Trinity was quiet, taking in all that Yolanda had told her. She simply grabbed Yolanda’s hand, running her fingers across her knuckles. “I’m not going to leave you.”
“Yes, you will. Eventually you will. You’ll get a better job, or you’ll decide to go somewhere warmer, or you’ll find someone who’s able to give you what you need better than I can.”
“But I’m here with you now. I WANT to be with you now. I want to learn everything there is to know about you- the good things, and the hard things. I care about you, Yo. A lot. And I think that even though you’re saying it’s just casual, and that there are no strings attached, that you really care about me too. The sex is great, but it’s not the sex that I want, it’s YOU. Just you.”
Trinity saw a tear slip down Yolanda’s cheek. She reached out to brush it away.
“Look, I’m not asking you to marry me, or to buy me a townhouse that you’re going to end up hating, or anything else. I’m just asking you to be here, with me. And to let me be here with you.” She didn’t say it, but what she really meant was, “I’m just asking you to let me love you.”

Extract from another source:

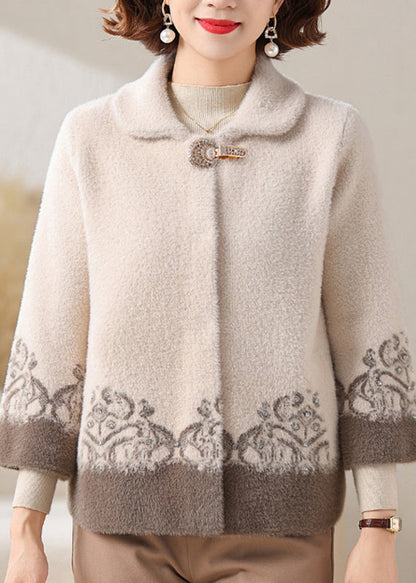 French Beige Peter Pan Collar Mink Velvet Coats Fall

“You can let me in. I want you to let me in. Can you do that?”
“I can try.”
“That’s all I ask. I just want you to try.”
Yolanda leaned against Trinity’s shoulder. “I could do dinner on Thursday. With your brother.”
“He’s a nice guy, really. He’ll like you, and I think you’ll like him. He’ll probably share some mortifying childhood stories about me.”
Yolanda chuckled.
“And maybe the next weekend that we’re both off, we could go look for some things to make your townhouse feel more like a townHOME.” Yolanda rolled her eyes at the pun. “Believe it or not, I really would like to spend time there, too. And that may or may not have something to do with the fact that we don’t have to worry about being too quiet so that Dennis doesn’t hear us.”
Yolanda smiled. “I’d like that.”
Trinity turned off the bedside lamp. “’Night, Yo.”
“Night, Trin.”
Trinity’s phone buzzed with a text. She picked it up- it was Dennis. “For the record, I can still hear you, even with music playing and my headphones on” was all it said.